Okay, on a cheerier note: the 30th Anniversary Edition of my 1995 best-seller, The Size of the World, is finally available on Amazon and (soon) in quantity, through IngramSpark. It’s the story of my nine-month, 27,000 mile overland kora around the world. (”from Oakland, California to Oakland, California”), traveling only by land and sea — a journey during which, among other things, I created the very first travel “blogs” on the World Wide Web.
And here I will insert a final note about Ruth Asawa: What astonishes me most about her complex, shapes-within-shapes sculptures is that they are “continuous”— a single wire is bent and woven to create both the inner and outer layers of these forms. If that’s not amazing, I don’t know what is. But what strikes me here is the similarity between her sculptures and my journey (all our journeys, really): Though our travels are multi-dimensional, encompassing worlds within worlds, they are all “continuous,” defined by the single, wire-like line our bodies draw as they move across countries and continents.
Okay, back to the book. Though Amazon says the Kindle version is also available, that’s not 100% true; what you’ll get for your $9.99 is a “book facsimile”– a copy of the book as it appears in print, without the ability to change font or type size. I’m trying to find someone who can help me take the book file PDF (created with InDesign) and turn it into what’s called a flowable e-book – one that allows the reader to manipulate size and font. I’ve been working for that for weeks, and there’s no solution in sight as yet. If anyone out there knows how to do this, even with a challenging book like mine, please be in touch. Meanwhile, I’m holding space for that, too.





Hey, Jeff. Holding space. Another great read.
Our discussions about light come to mind especially your exploration of what it means to be in one place and the space that entails.
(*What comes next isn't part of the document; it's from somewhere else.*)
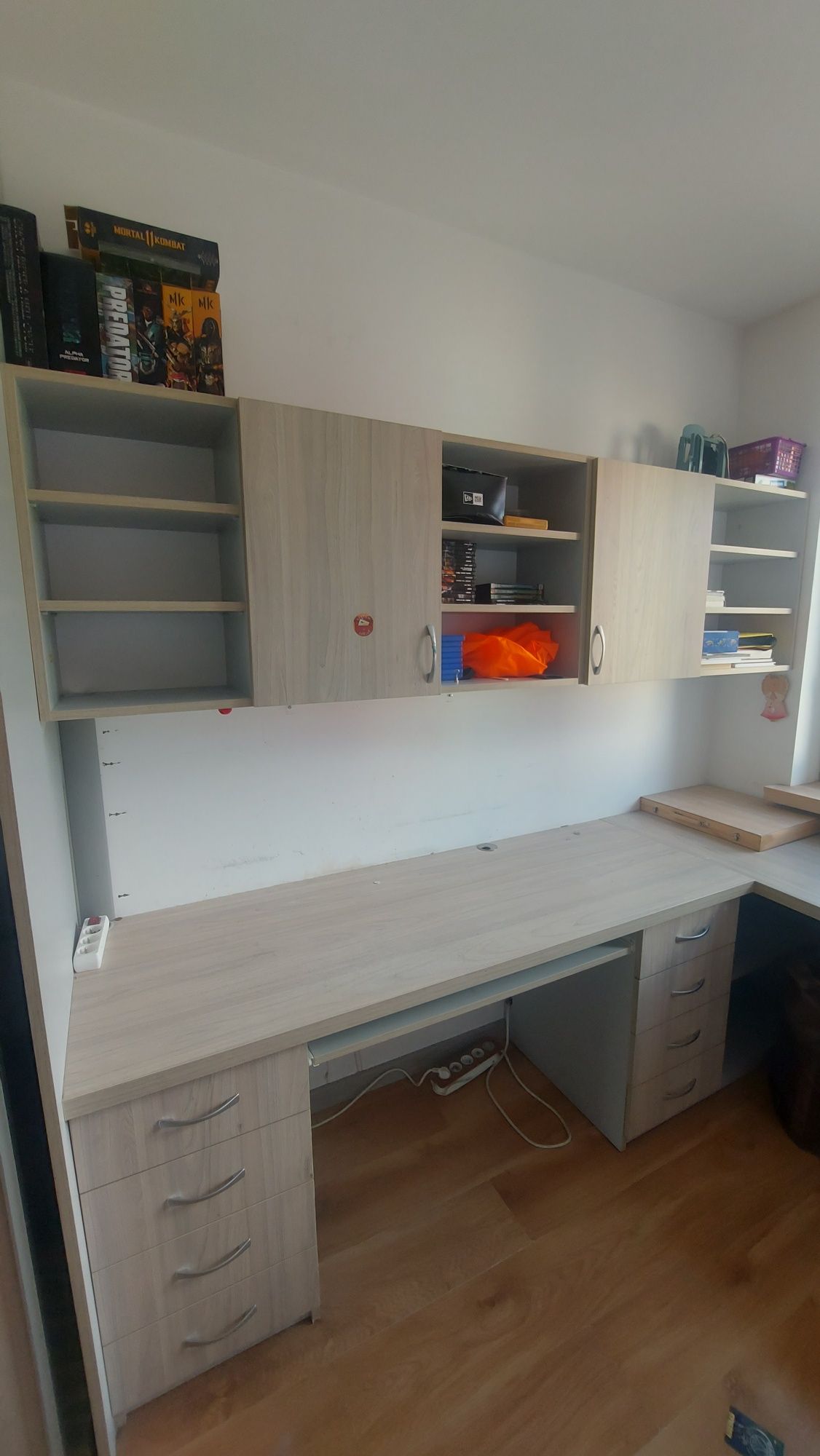 Meble szafki półki i biurko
Here’s something about light, it’s superpositional. It doesn’t hold space. Because unlike objects more light can be in one place at any given time. I think all the light is in each place all the time, but that’s a longer, much longer conversation.
Light’s superpositional capability is observed by us every time we open our eyes, especially those of us with two eyes.
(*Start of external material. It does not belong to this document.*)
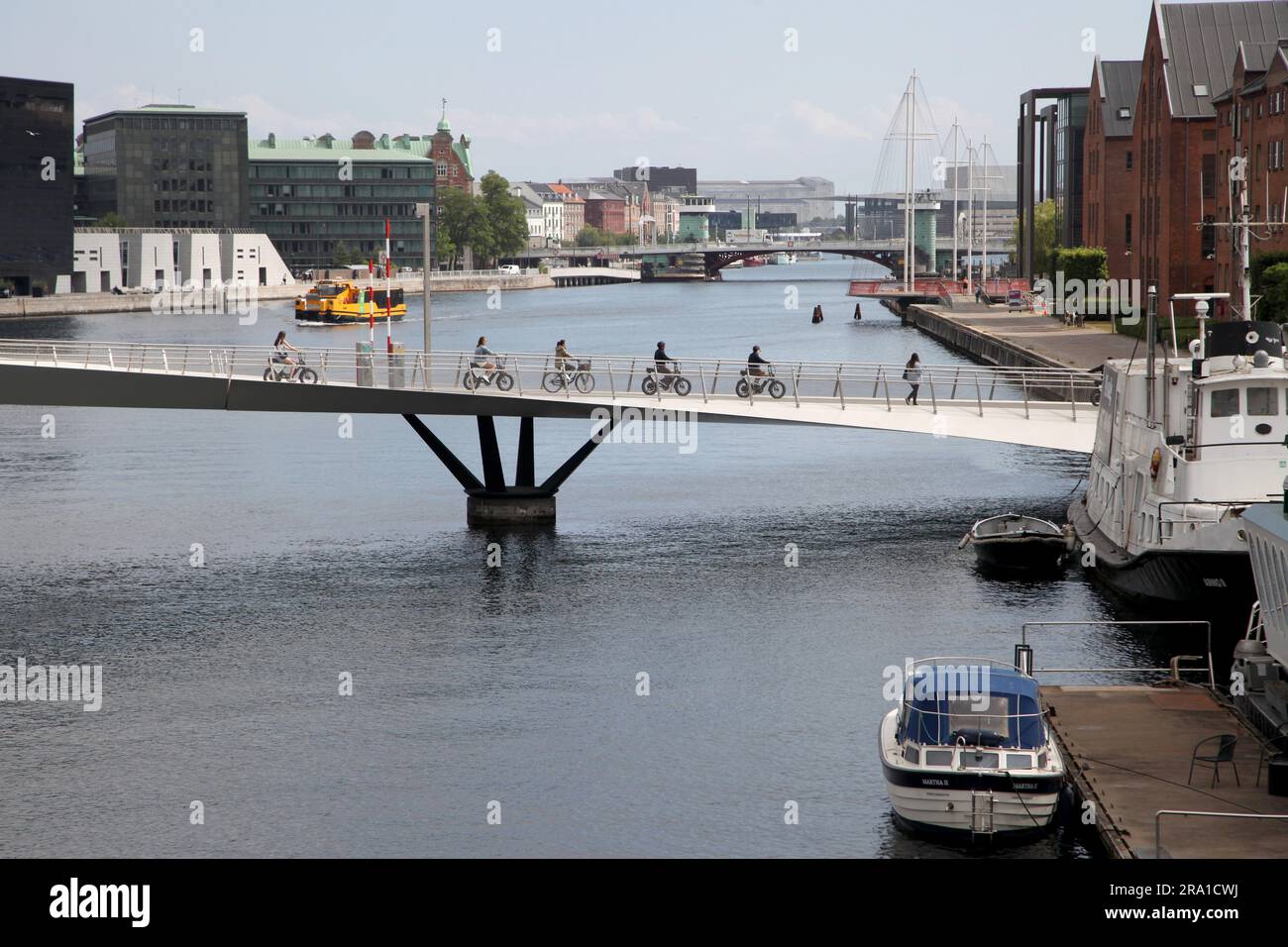 Kopenhagen, Dänemark. 28. Juni 2023. Passanten fahren über die Lille Langebro (kleine lange Brücke), die den inneren Hafen kreuzt. In den kommenden Tagen findet in Kopenhagen der 28. Weltkongress der Architekten statt. (Zu dpa 'gesundes Bauen' - wie nachhaltig kann Architektur sein?') Kredit: Steffen Trumpf/dpa/Alamy Live News Stockfoto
Think of it. One eye takes in light from all directions. As far as the eye can see. All directions. The other eye would not be able to see anything except for light being superpositional. Without superposition the light seen by one eye, light coming from every direction, would not allow the other eye to see anything.
Luckily, light doesn’t hold space, so light can crisscross from all directions, everywhere all at once.
Sorry, to hear about your decline. Luckily your light shines ever brighter.
🙏
ONCE AGAIN, I AM AMAZED AT YOUR ABILITY TO WRITE SO BEAUTIFULLY. YOU ARE WONDERFUL. KEEP UP THE GOOD WORK. I AM SORRY THAT YOUR PARKINSONS IS PROGRESSING. I PRAY EVERY NIGHT THAT IT WON'T GET ANY WORSE. MY HEART IS WITH YOU. I LOVE YOU VERY MUCH.